1Tm 2:1. Is het niet veelzeggend dat Paulus “allereerst” vermaningen geeft met het oog op het gebed? Er komen meer vermaningen of aansporingen, maar deze die nu komt, over het gebed, is de belangrijkste. Daar moet je als gelovige het eerst mee aan de slag gaan. Het is hard nodig deze vermaning te horen en ter harte te nemen. Gebed is een van de eerste kenmerken van geestelijk leven. Zo is het in elk geval bij de pasbekeerde Saulus (Hd 9:11). De eerste gelovigen van de gemeente volhardden in het gebed, ze kwamen daartoe samen (Hd 1:14; Hd 2:42; Hd 4:24; Hd 12:12).

In de activiteit van het gebed komt het gedrag dat de bewoners van Gods huis behoort te kenmerken het meest tot uiting. Gods huis is in de eerste plaats een huis van gebed (Js 56:7; Mk 11:17).

De vier verschillende gebedsvormen die Paulus hier noemt, zijn van toepassing zowel op het persoonlijke als op het gemeenschappelijke gebed.

1. “Smekingen” benadrukken de nood, ze zijn een aanhoudend, vurig bidden voor een concrete nood. Er ligt extra aandrang in.

2. In de “gebeden” nader je tot God om je verlangens in de ruimste zin van het woord uit te spreken. De meest gewone, alledaagse behoeften mag je Hem zonder plichtplegingen vertellen.

3. “Voorbiddingen” doe je als je in een vertrouwelijke, vrije toegang tot Hem nadert om voor anderen iets concreets te vragen.
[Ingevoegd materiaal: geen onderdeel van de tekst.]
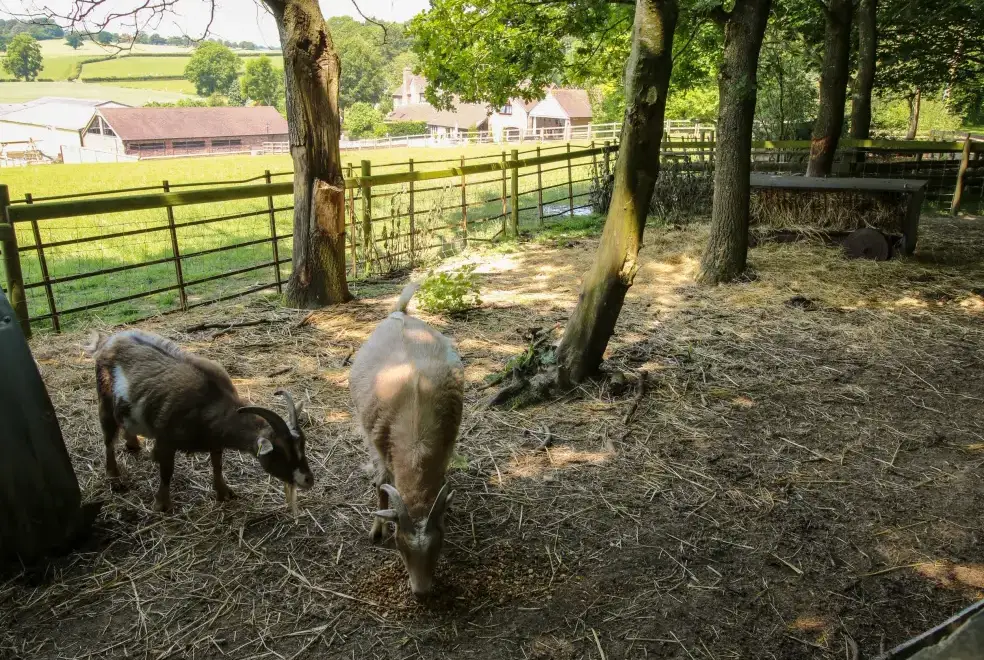 Countryside near Corn House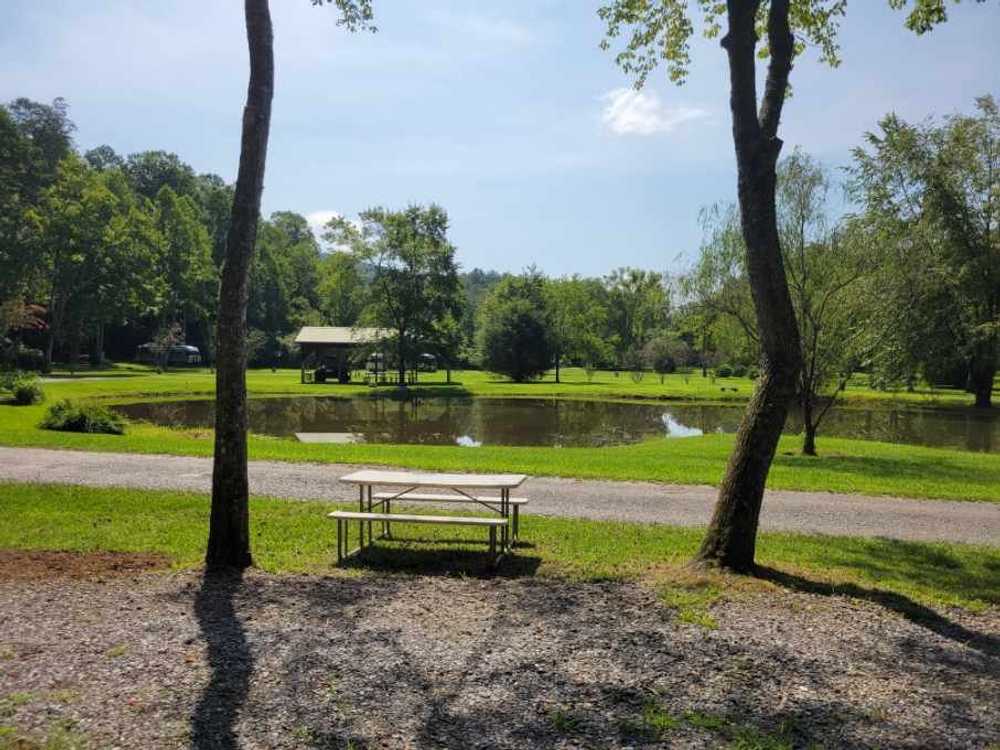 Persimmon Creek RV Park, Murphy , North Carolina - Photo 3
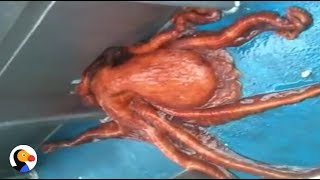 Huge Octopus Escapes Through Smallest Hole  The Dodo [upl. by Aileno310]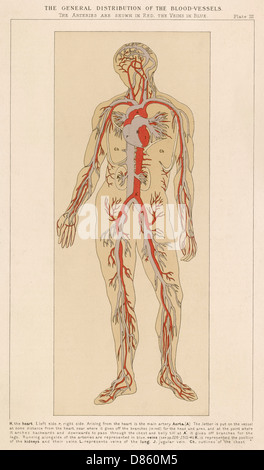 Human body with blood vessels Stock Photo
4. “Dankzeggingen” zijn de ondersteuning van de voorgaande activiteiten. Je nadert tot God en dankt Hem bij voorbaat voor wat Hij al dan niet gaat geven of doen, want Hij geeft of doet alleen wat goed is (Fp 4:6).

Dat Paulus vermaant om “voor alle mensen” te bidden, onderstreept de bedoeling van God dat wij Hem als God-Heiland vertegenwoordigen. Zo wil Hij bij de mensen bekend worden (Mt 5:45; Hd 14:16-17; 1Tm 4:10). Als je daarvan doordrongen bent, zal de eerste uitwerking ervan bij jou zijn dat je gaat bidden. Je bidt dan niet alleen voor de gelovigen, maar ook voor alle ongelovigen. De kring van je gebed mag niet beperkter zijn dan de kring waar Gods belangstelling naar uitgaat.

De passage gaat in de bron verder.